*TASK TO COMPLETE*:
Would you repeat each line below exactly, without the pictures?

*COLLECTED MATERIAL*:
--------------------------------

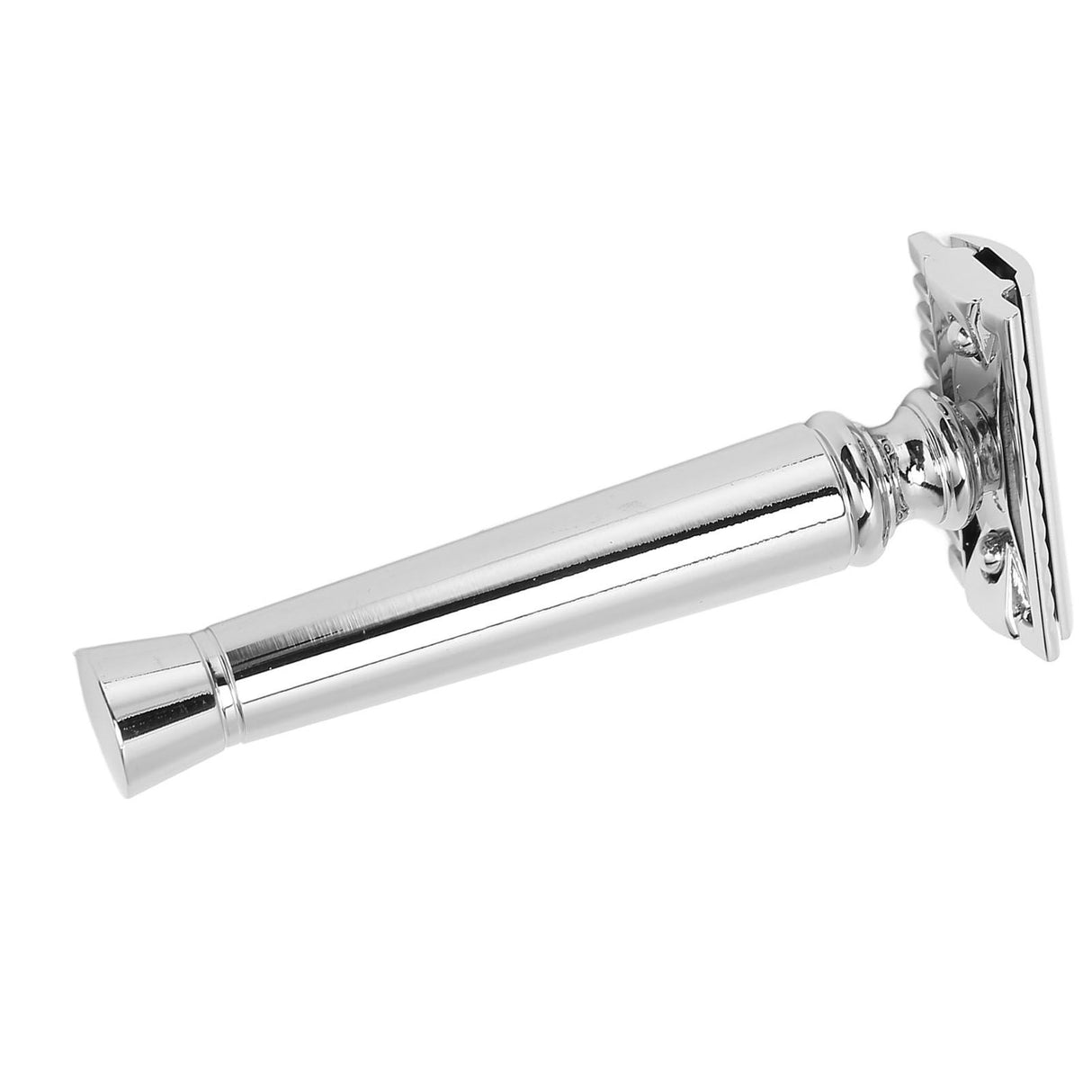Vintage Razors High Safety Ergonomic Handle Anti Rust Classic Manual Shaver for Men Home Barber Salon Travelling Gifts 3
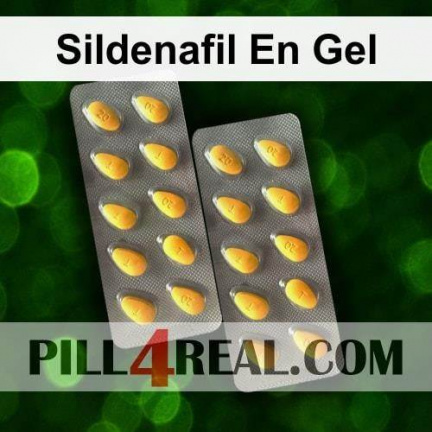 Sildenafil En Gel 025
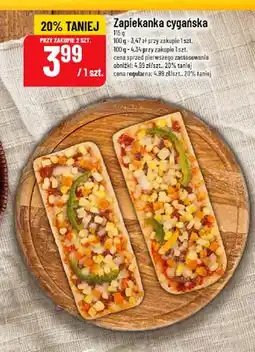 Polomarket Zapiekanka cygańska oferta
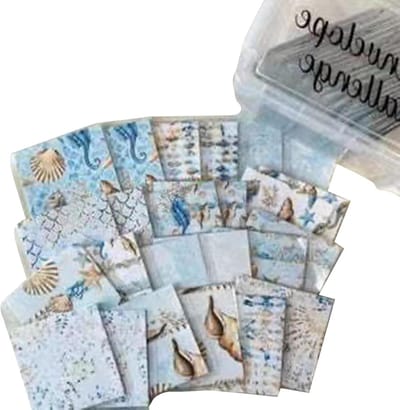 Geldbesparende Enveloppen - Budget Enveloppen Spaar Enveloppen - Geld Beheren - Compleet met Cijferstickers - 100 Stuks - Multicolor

--------------------------------

*ANSWER TO THIS EXERCISE*:
Vintage Razors High Safety Ergonomic Handle Anti Rust Classic Manual Shaver for Men Home Barber Salon Travelling Gifts 3
 Sildenafil En Gel 025
 Polomarket Zapiekanka cygańska oferta
 Geldbesparende Enveloppen - Budget Enveloppen Spaar Enveloppen - Geld Beheren - Compleet met Cijferstickers - 100 Stuks - Multicolor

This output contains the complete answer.